The Newenhams are believed to have settled in Cork in the early 17th century and to have prospered as merchants: in 1671 one of their number, John Newenham, served as Mayor of Cork city. One branch of the family would come to live at Coolmore (see Trans-Atlantic Links « The Irish Aesthete). Believed to have been born around 1705, Richard Newenham was the son of another John, a clothier who some years earlier had become a Quaker. His father-in-law, Thomas Wight, who also began professional life as a clothier, was author of A history of the rise and progress of the people called Quakers, in Ireland, from the year 1653 to 1700. The eldest of seven children, Richard Newenham prospered and, as noted by Charles Smith, developed a thriving textile business. As Daniel Beaumont has noted, he may also have been involved in the manufacture of sailcloth, because the village of Douglas, close to Maryborough, had become an important centre for this industry. Newenham also went into partnership with a number of other men in the business of ‘sugar making and sugar boiling’ on the southern outskirts of Cork city. In 1738 he married Sarah Devonsher, member of another successful Quaker family which was responsible for building Kilshannig (see Exuberance « The Irish Aesthete).

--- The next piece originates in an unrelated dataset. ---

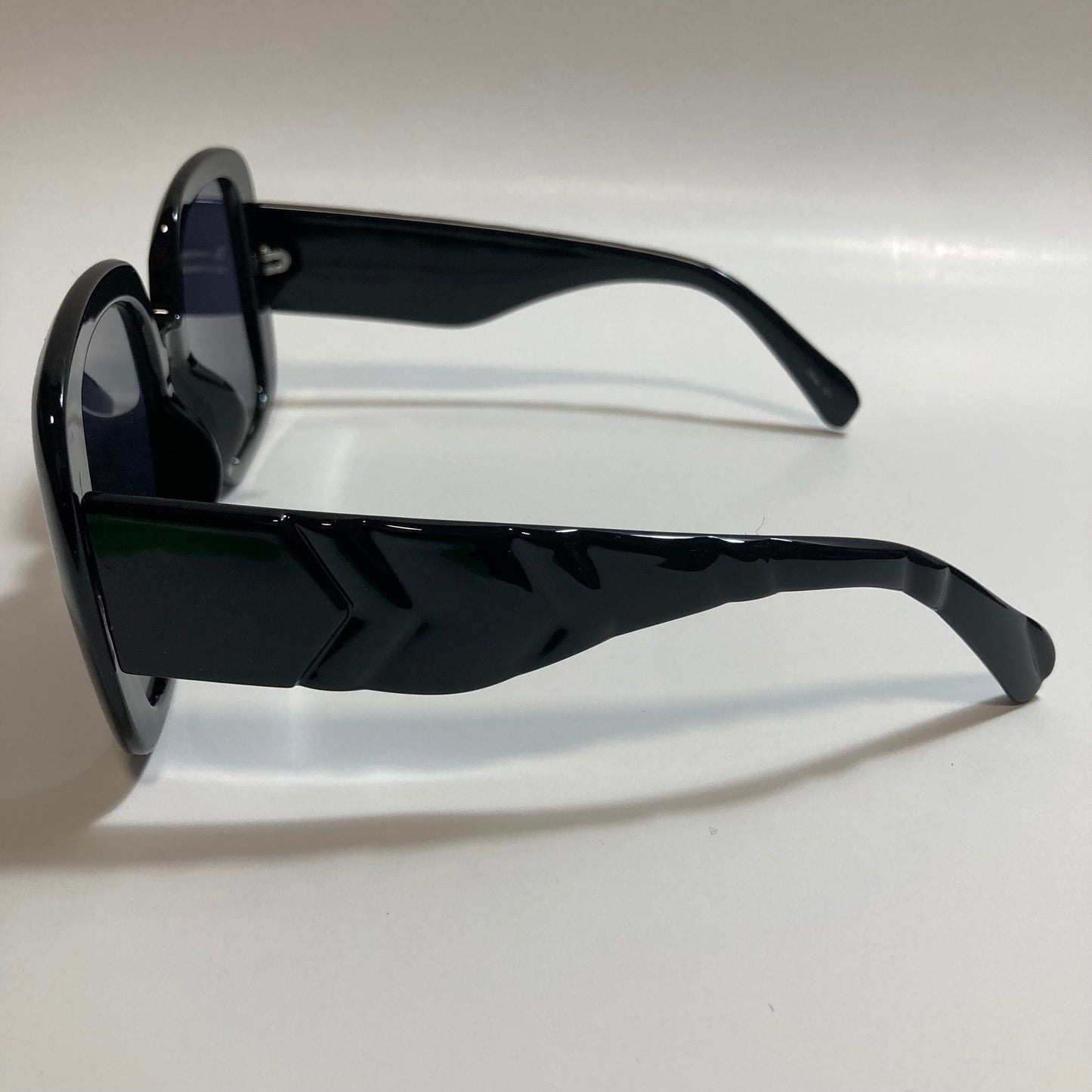 black oversize square womens sunglasses with black lenses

Probably built not long before Charles Smith published his book on Cork in 1750 and thought to be on the site of an earlier house, Maryborough was then described as having a cupola, but that no longer exists. The main body of the house is rendered, of three storeys over a raised basement, and seven bays wide, the three-bay breakfront defined with limestone quoins. A substantial flight of steps leads up to the pedimented entrance doorcase, also of limestone. The rear of the house is similar, having a three-bay breakfront but with a Gibbsian doorcase and the two upper floors being slate-fronted, as is the upper section of an extension to the east. The latter’s two-storied facade is a substantial, three-bay bow. This part of the building is thought to be a later extension from c.1830 while behind it is another addition from the late 18th century, a gable-ended wing accommodating a cantilevered Portland stone staircase: Frank Keohane proposes this as the work of local architect Michael Shanahan (who also worked in Ulster for the Earl-Bishop of Derry). The interiors of Maryborough are relatively plain, as befitted the home of a member of the Quaker community, amongst whom there was strong disapproval of gratuitous ornament. However, one room on the first floor has an elaborately decorated rococo ceiling, heavily enriched with scrolling acanthus leaves and an abundance of floral bouquets. 





Following Richard Newenham’s death in 1759, Maryborough was inherited by his only son John, and after the latter died in turn his son, another Richard, inherited the property. In 1837 it was described by Samuel Lewis as ‘the residence of E.E. Newenham Esq., a noble mansion in a spacious demesne, embellished with stately timber.’
Maryborough remained in the ownership of the Newenhams until the late 19th century, although rented out for some years before being sold to Thomas Sherrard in 1889. His descendants lived there until 1995 when the place was sold to the present owners who turned the house into an hotel, with a large bedroom extension added to the south and, more recently, an orangery/function room to the immediate west of the old building.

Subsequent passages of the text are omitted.